Author: David Sriboonreuang (page 1 of 2)

2015 Society of Biblical Literature (SBL) Annual Meeting

The 2015 SBL conference is the largest gathering of scholars interested in the study of religion in the world. The latest research and the fostering of collegian contacts is present at each showcase. The 2015 meeting is taking place in Atlanta , GA and members of the Coptic SCRIPTORIUM  team will be presiding at the conference.

Digital Humanities in Biblical, Early Jewish, and Christian Studies; Papyrology and Early Christian Backgrounds will have Caroline T. Schroeder chairing , Taking place in International A (International Level) – Marriot on 11/23/2015 at 9:00 AM to 11:30 AM.

Also,

“A Wild Patience Has Taken this Far”: Future Avenues of Feminist Scholarship will also have Caroline T. Schroeder presenting, Taking place in Room A602 (Atrium  Level) – Marriot at 4:00 PM to 6:30 PM.

and

Art and Religions of Antiquity; Violence and Representations of Violence among Jews and Christians will have Christine Luckritz Marquis chairing, Taking place in Room 209 (Level 2) – Hilton on 11/23/2015 at 9:00 AM to 11:30 AM.

We are looking forward to their presentations and hope others are as well!

Coptic NLP pipeline Part 2

With the creation of the Coptic NLP (Natural Language Processor) pipeline by Amir Zeldes, it is now possible to run all our NLP tools simultaneously without the need to individually download and run them. The web application will tokenize bound groups into words, and will normalize the spelling of words and diacritics. It will also tag for part-of-speech, lemmatize, and tag for language of origin for borrowed (foreign) words. The interface is XML tolerant (preserves tags in the input) and the output is tagged in SGML. One of the options is to encode the lines breaks in a word or sentence which is useful for encoding manuscripts. However, keep in mind to double check results because the interface is still in the beta stage.

As an example, the screenshot below is a snippet from I See Your Eagerness from manuscript MONB.GL29.

 

1.1

Notice it contains an XML tag to encode a letter as “large ekthetic”. “Large ekthetic” corresponds to the alpha letter to designate it as a large character in the left margin of the manuscript’s column of text.  This tag will be preserved in the output.

2

The results are shown above. Bounds group are shown and along with the part of speech tag abbreviated as “pos”. The snippet from I See Your Eagerness has also been lemmatized, shown as “lemma”. Also, near the bottom of the screenshot, the language of origin of borrowed (foreign) words in the snippet has been identified as “Greek”.  These tags also correspond to the annotation layers you see in our multi-layer search and visualization tool ANNIS.

We hope the NLP service serves you well.

 

Introducing the Lemmatizer Tool

A new tool available at the Coptic SCRIPTORIUM webpage is the lemmatizer. The lemmatizer annotates words with their dictionary head word. The purpose of lemmatization is to group together the different inflected forms of a word so they can be analyzed as a single item.

For example, in English, the verb ‘to walk’ may appear as ‘walk’, ‘walked’, ‘walks’, and ‘walking’. The base form, ‘walk’, might be the word to look up in the dictionary, and it would be called the lemma for the word.

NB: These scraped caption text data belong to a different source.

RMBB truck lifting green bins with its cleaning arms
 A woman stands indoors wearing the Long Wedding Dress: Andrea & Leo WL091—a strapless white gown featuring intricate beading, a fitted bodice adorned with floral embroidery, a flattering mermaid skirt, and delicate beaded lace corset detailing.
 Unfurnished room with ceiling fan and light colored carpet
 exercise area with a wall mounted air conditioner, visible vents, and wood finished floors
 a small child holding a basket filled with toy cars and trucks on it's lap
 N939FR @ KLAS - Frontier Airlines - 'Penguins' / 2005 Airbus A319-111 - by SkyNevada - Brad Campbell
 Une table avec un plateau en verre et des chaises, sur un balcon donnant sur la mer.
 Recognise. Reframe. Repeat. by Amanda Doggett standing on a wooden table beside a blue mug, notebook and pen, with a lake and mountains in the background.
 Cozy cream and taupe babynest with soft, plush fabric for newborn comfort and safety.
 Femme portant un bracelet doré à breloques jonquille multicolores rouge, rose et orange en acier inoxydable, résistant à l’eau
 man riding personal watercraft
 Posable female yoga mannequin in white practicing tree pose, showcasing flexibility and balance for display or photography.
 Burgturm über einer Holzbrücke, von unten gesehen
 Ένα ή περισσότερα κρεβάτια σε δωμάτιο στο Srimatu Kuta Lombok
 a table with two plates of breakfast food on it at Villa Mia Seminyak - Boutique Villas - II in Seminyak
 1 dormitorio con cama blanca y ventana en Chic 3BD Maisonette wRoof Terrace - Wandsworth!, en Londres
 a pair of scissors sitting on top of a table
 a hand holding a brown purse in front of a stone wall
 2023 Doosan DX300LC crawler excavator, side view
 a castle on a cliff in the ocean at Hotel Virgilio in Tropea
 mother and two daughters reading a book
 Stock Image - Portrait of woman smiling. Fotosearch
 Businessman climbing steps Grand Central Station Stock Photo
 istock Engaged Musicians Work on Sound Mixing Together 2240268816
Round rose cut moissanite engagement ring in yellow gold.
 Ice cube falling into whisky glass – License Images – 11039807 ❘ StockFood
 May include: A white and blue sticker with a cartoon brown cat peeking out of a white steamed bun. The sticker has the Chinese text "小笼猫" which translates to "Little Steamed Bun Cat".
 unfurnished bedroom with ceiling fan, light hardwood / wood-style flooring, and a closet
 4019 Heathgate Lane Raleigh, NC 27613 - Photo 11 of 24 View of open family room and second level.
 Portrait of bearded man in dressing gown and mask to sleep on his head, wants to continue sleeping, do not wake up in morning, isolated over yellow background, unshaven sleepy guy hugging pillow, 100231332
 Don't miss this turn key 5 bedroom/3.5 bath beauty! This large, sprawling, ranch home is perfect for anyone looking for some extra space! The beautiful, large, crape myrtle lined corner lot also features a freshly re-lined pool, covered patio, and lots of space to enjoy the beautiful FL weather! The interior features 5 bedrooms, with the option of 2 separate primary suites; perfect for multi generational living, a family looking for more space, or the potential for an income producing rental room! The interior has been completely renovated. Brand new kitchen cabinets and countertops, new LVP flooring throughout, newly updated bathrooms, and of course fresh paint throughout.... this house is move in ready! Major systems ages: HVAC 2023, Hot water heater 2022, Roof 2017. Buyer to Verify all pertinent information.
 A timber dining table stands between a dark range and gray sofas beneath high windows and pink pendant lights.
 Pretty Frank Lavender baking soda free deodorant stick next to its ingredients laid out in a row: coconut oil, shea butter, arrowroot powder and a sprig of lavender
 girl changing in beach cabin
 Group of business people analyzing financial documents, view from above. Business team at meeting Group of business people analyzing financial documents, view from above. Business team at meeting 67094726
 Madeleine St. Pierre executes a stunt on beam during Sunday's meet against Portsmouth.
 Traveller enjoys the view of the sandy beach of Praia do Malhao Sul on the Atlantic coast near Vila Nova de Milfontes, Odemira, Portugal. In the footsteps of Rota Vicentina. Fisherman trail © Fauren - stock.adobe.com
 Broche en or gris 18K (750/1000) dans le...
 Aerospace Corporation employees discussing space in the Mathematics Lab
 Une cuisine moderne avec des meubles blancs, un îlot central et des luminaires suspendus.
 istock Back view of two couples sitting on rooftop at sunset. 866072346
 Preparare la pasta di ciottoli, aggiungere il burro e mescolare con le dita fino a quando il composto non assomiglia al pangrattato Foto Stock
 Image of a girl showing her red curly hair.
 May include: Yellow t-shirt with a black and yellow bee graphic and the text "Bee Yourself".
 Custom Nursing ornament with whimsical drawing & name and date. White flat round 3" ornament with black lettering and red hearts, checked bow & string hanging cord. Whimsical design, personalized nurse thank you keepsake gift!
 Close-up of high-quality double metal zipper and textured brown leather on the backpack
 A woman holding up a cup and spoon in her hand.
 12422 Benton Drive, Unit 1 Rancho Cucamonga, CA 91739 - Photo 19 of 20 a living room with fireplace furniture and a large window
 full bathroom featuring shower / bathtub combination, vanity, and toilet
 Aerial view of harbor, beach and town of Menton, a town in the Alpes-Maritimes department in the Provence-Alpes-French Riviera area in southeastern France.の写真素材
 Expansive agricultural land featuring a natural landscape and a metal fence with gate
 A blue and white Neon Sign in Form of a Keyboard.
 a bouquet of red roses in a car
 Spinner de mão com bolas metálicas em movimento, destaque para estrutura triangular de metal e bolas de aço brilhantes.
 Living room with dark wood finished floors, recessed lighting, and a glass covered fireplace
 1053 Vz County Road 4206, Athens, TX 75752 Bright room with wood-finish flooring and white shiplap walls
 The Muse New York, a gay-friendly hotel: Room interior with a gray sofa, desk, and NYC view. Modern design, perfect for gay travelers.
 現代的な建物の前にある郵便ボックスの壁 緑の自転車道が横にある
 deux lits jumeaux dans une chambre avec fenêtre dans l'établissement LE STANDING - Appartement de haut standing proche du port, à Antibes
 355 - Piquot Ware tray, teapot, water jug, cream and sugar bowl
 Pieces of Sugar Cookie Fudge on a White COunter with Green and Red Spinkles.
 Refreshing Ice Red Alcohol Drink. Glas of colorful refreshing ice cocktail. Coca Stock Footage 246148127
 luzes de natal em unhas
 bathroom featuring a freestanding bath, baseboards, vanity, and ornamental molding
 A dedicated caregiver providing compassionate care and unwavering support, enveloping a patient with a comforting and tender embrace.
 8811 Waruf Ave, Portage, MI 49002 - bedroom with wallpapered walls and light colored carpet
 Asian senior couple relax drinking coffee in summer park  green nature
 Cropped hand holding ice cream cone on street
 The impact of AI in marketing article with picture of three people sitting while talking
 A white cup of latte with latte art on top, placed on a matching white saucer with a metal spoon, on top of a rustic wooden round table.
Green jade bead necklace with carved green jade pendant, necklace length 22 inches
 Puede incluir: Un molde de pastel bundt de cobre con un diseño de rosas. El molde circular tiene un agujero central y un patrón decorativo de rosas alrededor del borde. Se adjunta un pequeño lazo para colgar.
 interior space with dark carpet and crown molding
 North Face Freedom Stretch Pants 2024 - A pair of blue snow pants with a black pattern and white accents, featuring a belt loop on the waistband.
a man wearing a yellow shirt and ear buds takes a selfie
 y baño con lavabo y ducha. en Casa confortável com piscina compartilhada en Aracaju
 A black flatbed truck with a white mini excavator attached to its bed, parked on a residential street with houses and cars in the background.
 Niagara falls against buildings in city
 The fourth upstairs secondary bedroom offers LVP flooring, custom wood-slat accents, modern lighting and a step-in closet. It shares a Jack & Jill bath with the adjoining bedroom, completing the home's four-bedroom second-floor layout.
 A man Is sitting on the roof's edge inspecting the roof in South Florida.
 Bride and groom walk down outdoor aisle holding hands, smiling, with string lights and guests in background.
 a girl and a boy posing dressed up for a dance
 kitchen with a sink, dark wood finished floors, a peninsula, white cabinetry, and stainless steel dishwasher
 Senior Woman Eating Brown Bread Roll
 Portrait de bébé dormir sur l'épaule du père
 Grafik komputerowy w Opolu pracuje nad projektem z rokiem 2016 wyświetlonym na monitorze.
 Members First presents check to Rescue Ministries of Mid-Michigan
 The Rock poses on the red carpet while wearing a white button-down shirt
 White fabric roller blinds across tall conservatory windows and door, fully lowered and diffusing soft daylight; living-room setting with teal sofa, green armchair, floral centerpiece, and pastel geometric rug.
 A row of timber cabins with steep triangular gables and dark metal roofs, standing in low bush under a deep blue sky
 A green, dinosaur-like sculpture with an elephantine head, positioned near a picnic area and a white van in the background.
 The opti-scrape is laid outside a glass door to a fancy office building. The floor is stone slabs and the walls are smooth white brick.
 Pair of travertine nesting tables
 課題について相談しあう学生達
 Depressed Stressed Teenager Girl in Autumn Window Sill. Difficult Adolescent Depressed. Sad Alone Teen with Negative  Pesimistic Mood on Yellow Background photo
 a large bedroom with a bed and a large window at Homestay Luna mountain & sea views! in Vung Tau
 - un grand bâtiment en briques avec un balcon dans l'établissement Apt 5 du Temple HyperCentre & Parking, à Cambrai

In Coptic, plural nouns sometimes have different forms, and verbs have different forms.  A lemmatized corpus is useful for searching all the forms of a word and also if you want to link all the forms of a word to an online dictionary for future use.

Two of the corpora we have are annotated with lemmas: Not because a fox barks (Shenoute) and the Apophthegmata. As illustrated in the image below, I have searched for ⲟⲩⲱϩ, to live or dwell.

1

Also note that in the corpus list, I have chosen to look in the corpus ‘Not Because a Fox Barks’, as indicated by the highlighted blue selection.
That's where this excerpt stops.